Is that directed at me? I already like blues. It's got instruments. Does Slug feature instruments or blaring machines that belong in a factory? I don't really care all that much for lyrics and I think if all music was instrumental it would be a net gain, because while there is some good singing the awful stuff completely outweighs it.
no, that was just in general. my fault for the confusion.
I saw Slug when he was touring with a live band - it rocked.
most of his stuff is pretty laid back, almost jazzy. some can be a bit harsh. sometimes it's just him flowing over a piano, and he's got great flow. try the Lucy Ford album. Scapegoat is off Overcast, which is pretty sparce musically.
"Its all therapy, on top of turntable riffs"
- Mr.Fun
Tggp - you basically don't know shit about hip-hop except for what hear on your radio. That's like eating McDonald's and declaring that all food sucks.
It also sounds like you have a pretty narrow idea of what instruments are.
"blaring machines that belong in a factory?" - I think I have a few of those in my studio.
I mean Steve Reich has strings, pianos, vibes, horns, trains, doors, the ground, sticks,.in his compositions . And don't get me started on John Cage. Open up dude.
Hip-hop is about reusing and repurposing sounds and recordings to make something new (Madlib and J Dilla are great exemplars of this). There is great creativity and talent involved.
Using samples instead of guitars doesn't warrant condemnation. Songs with live instrumentation borrow from and build on previous works too, albeit less directly and less acknowledgedly. I'd rather hear the raindrop sounds on Jeru/Premier's "Come Clean" than another power-chord-filled, high-hat-fest any day.

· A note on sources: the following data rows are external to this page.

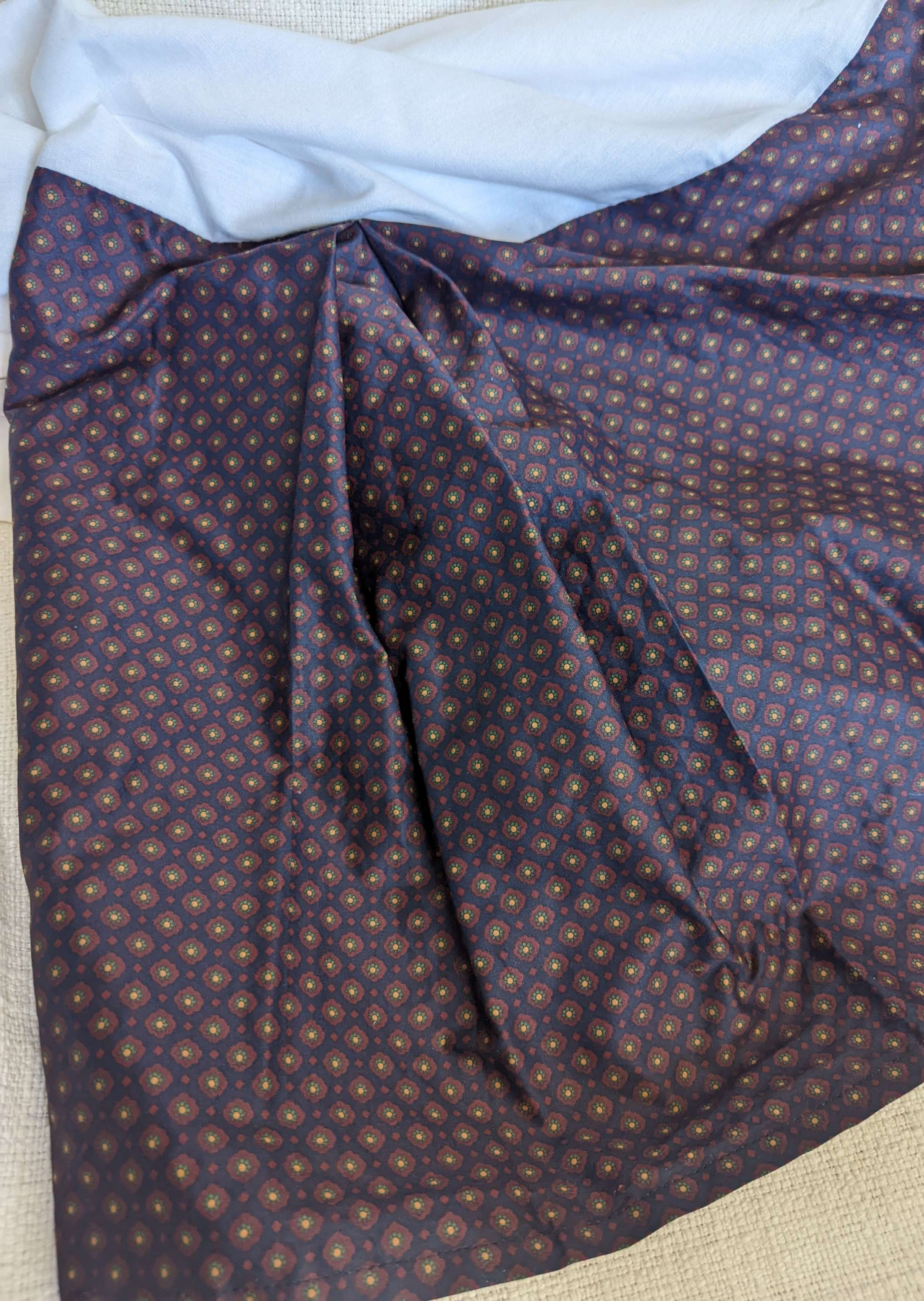 Ralph Lauren Twin Norris Foulard Bed Skirt Navy 15.5in Drop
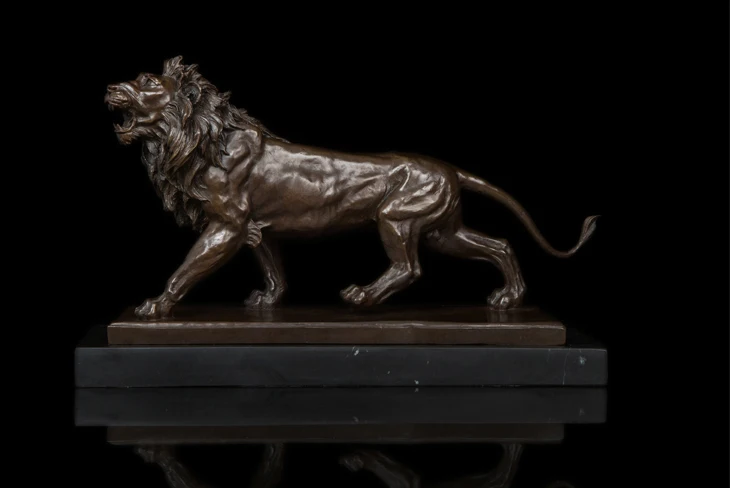 

TOP GOOD -office home LIVING ROOM TOP COOL Decoration-Wild animal Lion ART FENG SHUI bronze statue sculpture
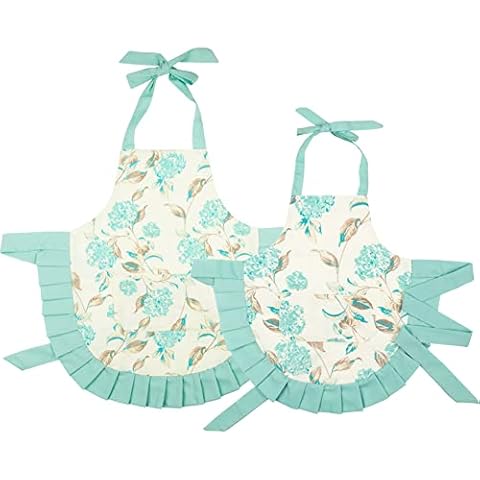NEOVIVA 2 Pack Kitchen Aprons Set for Women and Kids, Adjustable Big Personalised Chef Bakers Cotton Apron with Pockets Wipe Clean Pinafore for Cooking Baking Gardening, Floral Hydrangea Clear Aqua Cover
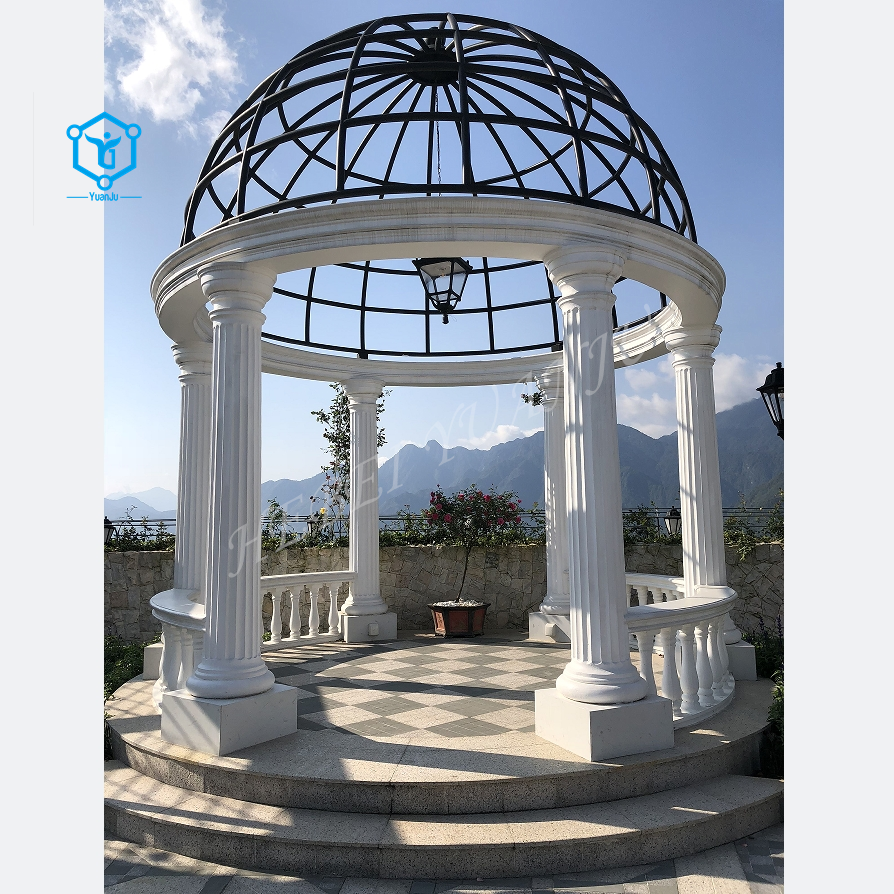 YUANJU White Marble Round Outdoor Gazebo With Metal Roof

I'm glad there are so many rap fans here!
fairly thorough "ethering" as they say on the urban-internet streets.
I appreciated the spirit of both Williams pieces, almost enough that I want to defend him from your piling of snark -- to use a caucasian term -- on top of well-reasoned debate.
which is to say, Williams, in spirit, is trying to wrestle with the issues, and as an an intellectually-disposed person (i presume) you can appreciate that effort. So why not be more loving about it?
your snark -- as all snark goes -- is given punch by offering a voice of authority, i.e. you know the answers Williams is seeking. But at the same time you know to shy away from "universal" truths of "transcendence" etc. So you know it's complicated, so you know it's a tricky road with many false paths, so you know there's some truth to what he says but it's not all right, as is the case for any of us that work around a "thesis."
to the point:
1. I think I, at a similar time, posed a similar response, sans snark, in the form of a question - How many black in jail = 1 Obama?
2. As I see it, it's not about "Blackdom" being in decline, it's about not being valuated properly. market correction. So I suspect Williams, and others on this "hip hop is killing us" track are confounded by the daunting task of finding the value in hip hop.
Daunting not because it's difficult to ferret out the value, but daunting because of the unwieldy nature of it. So much to plow through, and to this point so little has been done.